• **Your objective**
Find the line holding "SPANGDAHLEM, Germany - Assistant" in the entries below. Give it again exactly, along with every line after it up to and including the line holding "A close-up view".

[Excerpts from a dataset]
- Opening Delimiter -

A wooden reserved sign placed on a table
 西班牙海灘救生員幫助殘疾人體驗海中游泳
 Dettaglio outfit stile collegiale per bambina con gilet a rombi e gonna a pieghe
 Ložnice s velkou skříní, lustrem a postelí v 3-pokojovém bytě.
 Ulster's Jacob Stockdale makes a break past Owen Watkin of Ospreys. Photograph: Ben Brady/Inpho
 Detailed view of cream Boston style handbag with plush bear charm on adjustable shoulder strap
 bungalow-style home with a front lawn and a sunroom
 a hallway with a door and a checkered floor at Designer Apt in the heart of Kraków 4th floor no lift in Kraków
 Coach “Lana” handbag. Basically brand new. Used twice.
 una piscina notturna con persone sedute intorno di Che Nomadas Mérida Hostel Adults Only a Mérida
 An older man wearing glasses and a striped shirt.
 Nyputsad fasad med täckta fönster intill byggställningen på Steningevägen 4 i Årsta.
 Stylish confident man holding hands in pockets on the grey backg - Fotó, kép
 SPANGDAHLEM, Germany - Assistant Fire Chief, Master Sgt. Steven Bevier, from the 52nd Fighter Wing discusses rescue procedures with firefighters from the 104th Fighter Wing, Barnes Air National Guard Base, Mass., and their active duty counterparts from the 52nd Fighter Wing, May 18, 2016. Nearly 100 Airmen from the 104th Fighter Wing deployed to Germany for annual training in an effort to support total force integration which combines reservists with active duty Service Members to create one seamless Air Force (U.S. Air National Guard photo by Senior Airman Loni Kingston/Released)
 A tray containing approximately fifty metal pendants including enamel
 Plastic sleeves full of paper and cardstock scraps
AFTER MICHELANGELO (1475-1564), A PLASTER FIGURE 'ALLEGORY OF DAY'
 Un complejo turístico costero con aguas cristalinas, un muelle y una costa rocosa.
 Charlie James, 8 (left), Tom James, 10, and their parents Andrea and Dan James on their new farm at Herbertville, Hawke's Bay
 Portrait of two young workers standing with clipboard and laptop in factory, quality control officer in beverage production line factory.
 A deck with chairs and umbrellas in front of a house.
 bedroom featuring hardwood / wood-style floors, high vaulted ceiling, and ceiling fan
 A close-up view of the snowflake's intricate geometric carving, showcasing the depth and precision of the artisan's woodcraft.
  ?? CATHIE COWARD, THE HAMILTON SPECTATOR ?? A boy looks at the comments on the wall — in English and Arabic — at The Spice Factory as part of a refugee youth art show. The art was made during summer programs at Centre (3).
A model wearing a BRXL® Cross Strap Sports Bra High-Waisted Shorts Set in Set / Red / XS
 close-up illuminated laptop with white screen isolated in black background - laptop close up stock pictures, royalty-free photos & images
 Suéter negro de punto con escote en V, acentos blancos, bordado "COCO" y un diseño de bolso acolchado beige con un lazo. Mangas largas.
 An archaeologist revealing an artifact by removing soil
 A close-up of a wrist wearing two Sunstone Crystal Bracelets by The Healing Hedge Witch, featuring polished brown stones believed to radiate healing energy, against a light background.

- Closing Delimiter -

• **Completed task**
 SPANGDAHLEM, Germany - Assistant Fire Chief, Master Sgt. Steven Bevier, from the 52nd Fighter Wing discusses rescue procedures with firefighters from the 104th Fighter Wing, Barnes Air National Guard Base, Mass., and their active duty counterparts from the 52nd Fighter Wing, May 18, 2016. Nearly 100 Airmen from the 104th Fighter Wing deployed to Germany for annual training in an effort to support total force integration which combines reservists with active duty Service Members to create one seamless Air Force (U.S. Air National Guard photo by Senior Airman Loni Kingston/Released)
 A tray containing approximately fifty metal pendants including enamel
 Plastic sleeves full of paper and cardstock scraps
AFTER MICHELANGELO (1475-1564), A PLASTER FIGURE 'ALLEGORY OF DAY'
 Un complejo turístico costero con aguas cristalinas, un muelle y una costa rocosa.
 Charlie James, 8 (left), Tom James, 10, and their parents Andrea and Dan James on their new farm at Herbertville, Hawke's Bay
 Portrait of two young workers standing with clipboard and laptop in factory, quality control officer in beverage production line factory.
 A deck with chairs and umbrellas in front of a house.
 bedroom featuring hardwood / wood-style floors, high vaulted ceiling, and ceiling fan
 A close-up view of the snowflake's intricate geometric carving, showcasing the depth and precision of the artisan's woodcraft.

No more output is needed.